Write your first skill from scratch
Read the field note below to see how we apply this pattern in real Claude Code projects.
Day 7: Write your first skill from scratch
A skill is just a reusable operating procedure in markdown. The value is consistency, not complexity.
What we tried
We took one repetitive engineering task (reviewing API contract changes) and encoded it as a simple skill with:
- clear inputs
- deterministic steps
- explicit output format
What happened
The first draft was too broad. After we narrowed it to one job and one output shape, it became reliably useful across repos.
What we learned
- One skill should solve one recurring task.

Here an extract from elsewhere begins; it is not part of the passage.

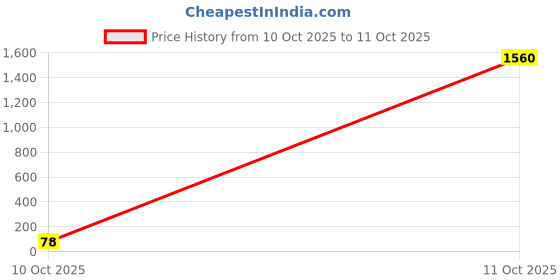 industrybuying.com Panasonic RES, 2K, 1%, 0.66W, 1206, THICK FILM, ERJP08F2001V (Pack of 10) panasonic Price History Graph from 10 Oct 2025 to 11 Oct 2025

- Constraints improve output quality more than long instructions.
- Include an output template so results are easy to consume in PRs.
Next
- Day 8 — Autonomous browser QA with browser-use.
Quick answers
What do I get from this cable?
You get a dated field note that explains how we handle this skill-authoring workflow in real Claude Code projects.
How much time should I budget?
Typical effort is 16 min. The cable is marked beginner.
How do I install the artifact?
This cable is guidance-only and does not ship an installable artifact.
How fresh is the guidance?
The cable is explicitly last verified on 2026-04-15, and includes source links for traceability.
Work with FRE|Nxt
We build the production AI systems we write about.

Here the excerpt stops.